[PROBLEM TO WORK ON] Restrict the output to the lines below starting at the one that contains "czapka zimowa FALLEN" and ending at the one that contains "The sims 3 university life download", and restate them word for word, both ends included.

Caption-style text data:
◆ ◆ ◆ ◆ ◆ ◆ ◆
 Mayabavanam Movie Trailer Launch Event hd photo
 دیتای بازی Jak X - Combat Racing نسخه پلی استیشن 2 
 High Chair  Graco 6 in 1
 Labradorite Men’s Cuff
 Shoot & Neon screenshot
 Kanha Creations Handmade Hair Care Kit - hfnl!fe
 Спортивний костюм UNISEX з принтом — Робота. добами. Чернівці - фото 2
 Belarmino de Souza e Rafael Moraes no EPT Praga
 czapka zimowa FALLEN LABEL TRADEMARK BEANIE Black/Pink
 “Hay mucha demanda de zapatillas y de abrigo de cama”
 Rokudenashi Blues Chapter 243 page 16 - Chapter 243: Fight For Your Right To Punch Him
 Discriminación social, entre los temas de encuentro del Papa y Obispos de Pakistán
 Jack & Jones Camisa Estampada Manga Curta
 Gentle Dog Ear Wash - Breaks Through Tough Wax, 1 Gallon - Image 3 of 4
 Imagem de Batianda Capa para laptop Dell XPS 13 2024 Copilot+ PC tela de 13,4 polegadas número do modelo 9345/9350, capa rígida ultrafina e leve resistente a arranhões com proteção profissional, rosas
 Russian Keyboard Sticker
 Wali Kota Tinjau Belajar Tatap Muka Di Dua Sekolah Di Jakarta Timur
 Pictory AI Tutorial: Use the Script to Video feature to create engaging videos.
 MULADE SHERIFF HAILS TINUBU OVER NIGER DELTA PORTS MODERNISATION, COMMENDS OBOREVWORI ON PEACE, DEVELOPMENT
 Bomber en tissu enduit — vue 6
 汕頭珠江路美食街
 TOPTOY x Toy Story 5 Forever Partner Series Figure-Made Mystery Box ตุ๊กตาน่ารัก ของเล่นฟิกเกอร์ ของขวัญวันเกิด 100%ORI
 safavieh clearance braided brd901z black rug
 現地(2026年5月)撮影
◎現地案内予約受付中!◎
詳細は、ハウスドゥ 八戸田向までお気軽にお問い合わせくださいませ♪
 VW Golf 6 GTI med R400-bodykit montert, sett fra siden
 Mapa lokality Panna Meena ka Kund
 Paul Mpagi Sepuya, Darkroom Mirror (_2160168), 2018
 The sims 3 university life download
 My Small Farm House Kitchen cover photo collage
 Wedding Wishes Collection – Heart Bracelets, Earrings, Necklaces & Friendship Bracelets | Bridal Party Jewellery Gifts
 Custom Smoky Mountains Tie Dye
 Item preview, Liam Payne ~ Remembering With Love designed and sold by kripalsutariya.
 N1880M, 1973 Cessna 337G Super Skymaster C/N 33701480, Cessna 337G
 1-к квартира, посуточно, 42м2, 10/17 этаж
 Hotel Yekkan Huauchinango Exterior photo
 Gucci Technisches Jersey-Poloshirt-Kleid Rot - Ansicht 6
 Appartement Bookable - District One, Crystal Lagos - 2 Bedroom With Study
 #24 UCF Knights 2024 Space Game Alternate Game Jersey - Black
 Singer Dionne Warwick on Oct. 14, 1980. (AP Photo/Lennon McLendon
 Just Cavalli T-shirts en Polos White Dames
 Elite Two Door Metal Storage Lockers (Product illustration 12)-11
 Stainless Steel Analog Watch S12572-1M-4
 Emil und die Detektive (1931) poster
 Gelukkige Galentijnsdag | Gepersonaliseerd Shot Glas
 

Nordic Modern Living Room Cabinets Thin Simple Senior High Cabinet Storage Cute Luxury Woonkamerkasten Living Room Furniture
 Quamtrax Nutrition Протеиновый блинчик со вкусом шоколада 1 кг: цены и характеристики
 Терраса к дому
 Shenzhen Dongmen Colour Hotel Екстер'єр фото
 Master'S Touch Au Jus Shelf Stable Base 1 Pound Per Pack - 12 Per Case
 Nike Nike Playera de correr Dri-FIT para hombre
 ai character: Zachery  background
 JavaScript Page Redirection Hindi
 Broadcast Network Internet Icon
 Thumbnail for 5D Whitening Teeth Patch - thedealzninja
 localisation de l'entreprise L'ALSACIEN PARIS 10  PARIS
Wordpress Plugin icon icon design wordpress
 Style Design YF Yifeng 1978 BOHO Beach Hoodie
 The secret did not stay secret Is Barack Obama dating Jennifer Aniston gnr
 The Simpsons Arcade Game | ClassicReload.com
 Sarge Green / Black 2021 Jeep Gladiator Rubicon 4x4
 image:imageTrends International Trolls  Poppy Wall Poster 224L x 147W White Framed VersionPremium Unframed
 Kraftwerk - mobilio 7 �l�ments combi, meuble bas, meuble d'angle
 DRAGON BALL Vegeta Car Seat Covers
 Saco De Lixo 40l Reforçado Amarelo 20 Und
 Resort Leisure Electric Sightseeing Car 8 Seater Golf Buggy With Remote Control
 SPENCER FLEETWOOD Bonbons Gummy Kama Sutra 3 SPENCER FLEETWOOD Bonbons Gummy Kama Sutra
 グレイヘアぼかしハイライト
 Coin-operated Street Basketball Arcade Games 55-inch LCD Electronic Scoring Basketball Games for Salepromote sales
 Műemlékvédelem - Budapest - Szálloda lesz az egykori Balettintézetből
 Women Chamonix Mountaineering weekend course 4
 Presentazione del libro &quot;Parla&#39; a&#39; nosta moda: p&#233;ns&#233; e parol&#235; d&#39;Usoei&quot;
◆ ◆ ◆ ◆ ◆ ◆ ◆
[YOUR RESPONSE]
 czapka zimowa FALLEN LABEL TRADEMARK BEANIE Black/Pink
 “Hay mucha demanda de zapatillas y de abrigo de cama”
 Rokudenashi Blues Chapter 243 page 16 - Chapter 243: Fight For Your Right To Punch Him
 Discriminación social, entre los temas de encuentro del Papa y Obispos de Pakistán
 Jack & Jones Camisa Estampada Manga Curta
 Gentle Dog Ear Wash - Breaks Through Tough Wax, 1 Gallon - Image 3 of 4
 Imagem de Batianda Capa para laptop Dell XPS 13 2024 Copilot+ PC tela de 13,4 polegadas número do modelo 9345/9350, capa rígida ultrafina e leve resistente a arranhões com proteção profissional, rosas
 Russian Keyboard Sticker
 Wali Kota Tinjau Belajar Tatap Muka Di Dua Sekolah Di Jakarta Timur
 Pictory AI Tutorial: Use the Script to Video feature to create engaging videos.
 MULADE SHERIFF HAILS TINUBU OVER NIGER DELTA PORTS MODERNISATION, COMMENDS OBOREVWORI ON PEACE, DEVELOPMENT
 Bomber en tissu enduit — vue 6
 汕頭珠江路美食街
 TOPTOY x Toy Story 5 Forever Partner Series Figure-Made Mystery Box ตุ๊กตาน่ารัก ของเล่นฟิกเกอร์ ของขวัญวันเกิด 100%ORI
 safavieh clearance braided brd901z black rug
 現地(2026年5月)撮影
◎現地案内予約受付中!◎
詳細は、ハウスドゥ 八戸田向までお気軽にお問い合わせくださいませ♪
 VW Golf 6 GTI med R400-bodykit montert, sett fra siden
 Mapa lokality Panna Meena ka Kund
 Paul Mpagi Sepuya, Darkroom Mirror (_2160168), 2018
 The sims 3 university life download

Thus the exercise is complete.